トム・ホーバス

「大きい選手もいるからリバウンドもできます。リバウンドで頑張ってほしいです」

バスケ男子日本代表にとってワールドカップ予選Window6の初戦となるイラン戦がいよいよ明日に行われる。トム・ホーバスヘッドコーチは、今回のWindowについて「長い間一緒にプレーしているので、基本的な動きだけでなく他のアクションも加えています」と、これまでの試合以上に多彩なチームプレーを展開できると自信を見せる。

アジア屈指の強豪国であるイランに対し、ホーバス体制になってからの日本代表は昨年7月のアジアカップで76-88、8月末のワールドカップ予選では68-79と公式戦で連敗を喫している。8月中旬に行われた仙台での強化試合では勝利しているが、この時のイランは若手主体のBチーム以下のメンバー構成となっており、結果を評価できるものではない。敗れた公式戦2試合に共通しているのは、イランのインサイド陣にゴール下で主導権を握られアジアカップでは31-44、予選では32-51とリバウンドで大きく下回ったことだ。

そういった背景もあり、ホーバスヘッドコーチもリバウンドを強調する。「今回ジョシュ(ホーキンソン)も加入し、大きい選手もいるからリバウンドもできます。リバウンドで頑張ってほしいです」

また、今回のイラン代表は、ゴール下の要である218cmのハメド・ハダディが帯同していないと見られており、リバウンド面にとってはプラスの要素だ。ただ、「ハダディはスーパースター」とホーバスヘッドコーチも称える一方、彼がいないことでイラン全体の機動力は明らかに向上する。また、「彼のオフェンスは素晴らしいけど、彼がいるイランのディフェンスに対してウチはいろいろできます」とハタディ不在によるマイナス面もあると見ている。

実際、機動力に難のあるハダディなら、ホーキンソンを筆頭とした日本のビッグマンはアウトサイドシュートでアドバンテージを作りやすい。しかし、彼がいないことで、リバウンドは取りやすくなっても守備における突きどころが1つなくなった面もある。

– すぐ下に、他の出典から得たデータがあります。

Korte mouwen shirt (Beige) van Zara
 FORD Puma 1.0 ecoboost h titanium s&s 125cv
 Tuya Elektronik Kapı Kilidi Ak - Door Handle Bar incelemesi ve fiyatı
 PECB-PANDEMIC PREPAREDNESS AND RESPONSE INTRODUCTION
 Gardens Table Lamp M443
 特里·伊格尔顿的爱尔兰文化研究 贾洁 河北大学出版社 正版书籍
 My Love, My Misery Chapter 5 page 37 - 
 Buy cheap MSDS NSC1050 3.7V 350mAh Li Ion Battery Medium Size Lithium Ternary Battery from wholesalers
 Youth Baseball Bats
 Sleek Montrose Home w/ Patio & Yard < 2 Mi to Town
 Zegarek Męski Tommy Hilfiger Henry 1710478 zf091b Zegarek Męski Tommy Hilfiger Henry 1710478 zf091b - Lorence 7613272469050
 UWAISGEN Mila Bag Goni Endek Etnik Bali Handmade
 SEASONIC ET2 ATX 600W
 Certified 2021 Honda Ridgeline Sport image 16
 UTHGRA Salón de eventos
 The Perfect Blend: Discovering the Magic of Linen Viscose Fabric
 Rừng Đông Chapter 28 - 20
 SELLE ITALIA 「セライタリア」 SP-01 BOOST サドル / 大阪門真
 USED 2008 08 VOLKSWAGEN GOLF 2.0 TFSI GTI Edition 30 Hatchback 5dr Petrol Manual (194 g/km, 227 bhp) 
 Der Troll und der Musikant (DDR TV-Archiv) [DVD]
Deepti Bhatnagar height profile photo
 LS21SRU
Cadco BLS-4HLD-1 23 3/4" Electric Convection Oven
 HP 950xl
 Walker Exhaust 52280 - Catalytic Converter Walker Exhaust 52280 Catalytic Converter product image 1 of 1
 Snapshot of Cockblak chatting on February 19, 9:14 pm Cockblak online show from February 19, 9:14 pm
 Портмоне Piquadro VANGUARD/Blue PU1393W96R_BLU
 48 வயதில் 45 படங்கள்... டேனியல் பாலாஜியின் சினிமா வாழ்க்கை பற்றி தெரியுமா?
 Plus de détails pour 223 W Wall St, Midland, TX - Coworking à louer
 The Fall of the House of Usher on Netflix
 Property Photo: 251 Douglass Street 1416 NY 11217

結果とともに求める内容「チームプレーをきれいに遂行したい」

親善試合を含めどんな時でも勝つことの重要性を強調しているホーバスヘッドコーチは、今回の試合でももちろん勝利を第一に考える。そして、内容面では「チームプレーをきれいに遂行したい」と語る。ただ、不安な部分もあると続ける。「きれいなプレーはタイミングやスペーシングが重要で、たくさん練習しないとできません。これまでずっと代表に選ばれているメンバーはできても、新しい若い選手たちが入ると、しっかりとリズムが作れるのか分からないです。また、このグループでまだ試合をやっていないので、ローテーションを作っていないです」

明日の試合に臨む12名を見ると、新顔はホーキンソン、渡邉飛勇、金近廉の3名のみであり、連携不足を言い訳にできるようなメンバー構成ではない。ホーキンソンは30分以上のプレータイムが予想されるが、渡邉と金近が主力としてコートに立ち続けることは考えづらい。残りの9名はホーバスヘッドコーチのスタイルに慣れている中、ぎこちない連携でローテーションに苦戦するアジャスト力ではワールドカップ本大会に黄色信号がともる。

「今回のチャレンジは良いチャンスだと思う。負けるのはダメではないけど、絶対にレベルアップしたいし、勝ちたい。勝つことでよりレベルアップできる」

最後、ホーバスヘッドコーチはこのように明日のイラン戦に向けて締め括った。ワールドカップではイランより格上の相手に対して勝利を求められる。だからこそ、ここで結果と内容の両方で満足できる戦いを見せてほしい。